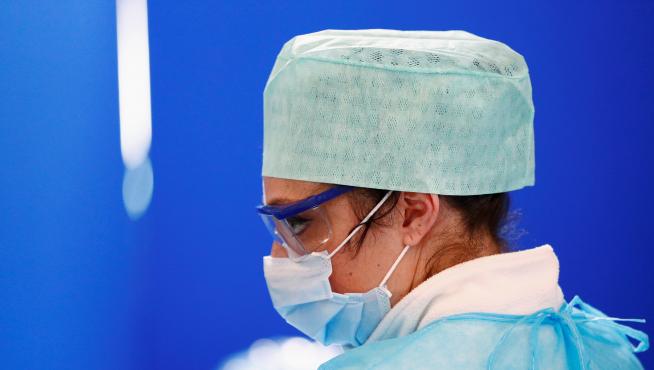 A nurse in a protective suit is pictured at a drive-in testing site for coronavirus in Liege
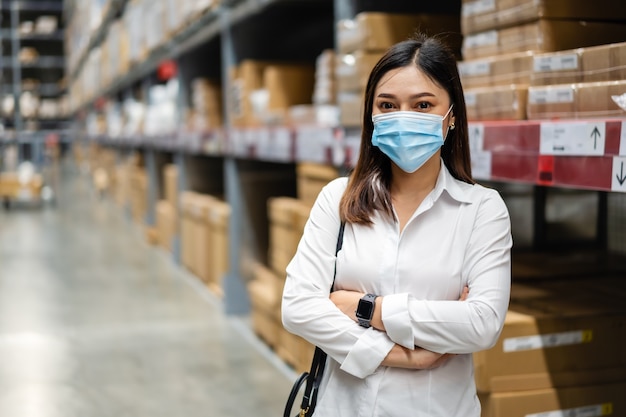 Femme portant un masque médical avec les bras croisés dans le magasin de l'entrepôt pendant la pandémie de coronavirus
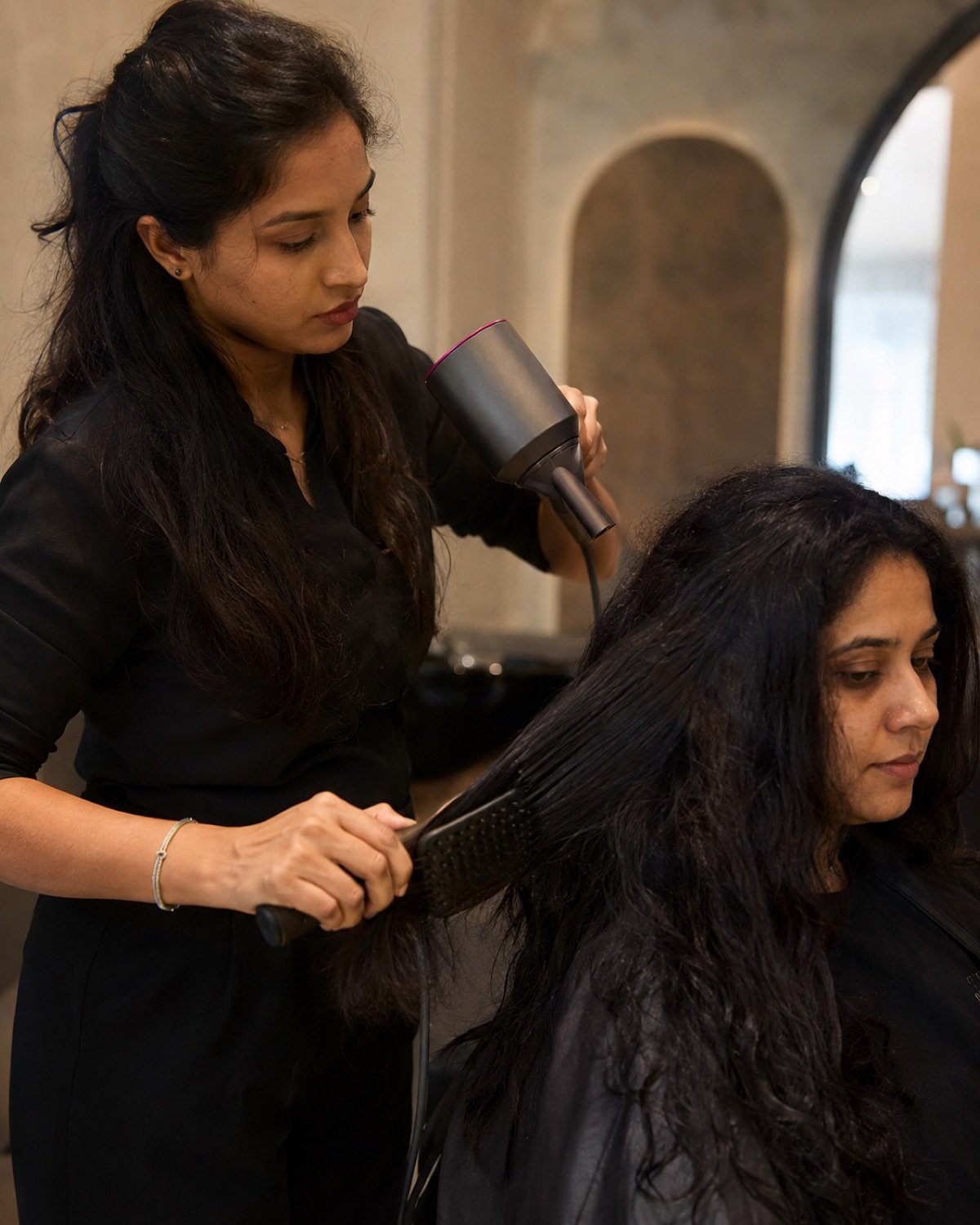 Controlled warm airflow sealing Protein Re-filler into naturally textured Indian hair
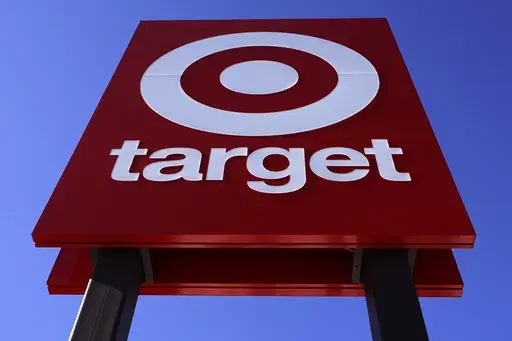 The bullseye logo on a sign outside the Target store in Quincy, Mass., Monday, Feb. 28, 2022. Target says it will stop selling a product dedicated to Civil Rights icons after a now-viral TikTok spotlighted some significant errors. (AP Photo/Charles Krupa, File)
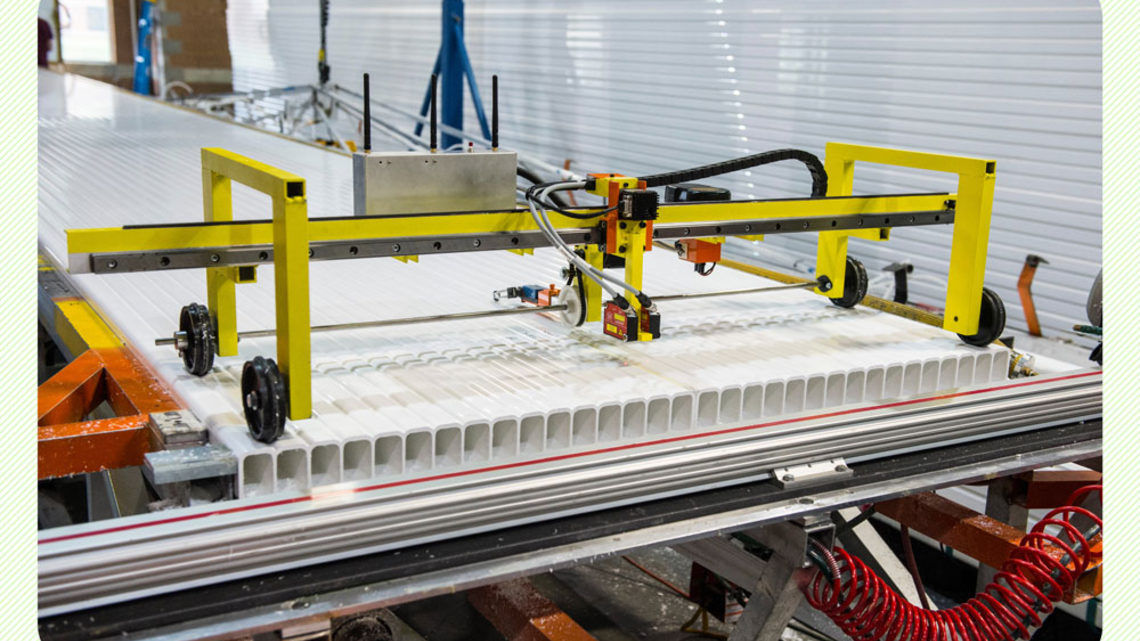 Photo of a machine rolls down an assembled PVC sheet, checking the alignment of the module cells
──────────────────────────────
→ **Instructions for the task**:
The required answer is the lines from the one that contains "The bullseye logo" through the last line of the records, restated word for word, with every picture dropped.

→ **Response for this exercise**:
 The bullseye logo on a sign outside the Target store in Quincy, Mass., Monday, Feb. 28, 2022. Target says it will stop selling a product dedicated to Civil Rights icons after a now-viral TikTok spotlighted some significant errors. (AP Photo/Charles Krupa, File)
 Photo of a machine rolls down an assembled PVC sheet, checking the alignment of the module cells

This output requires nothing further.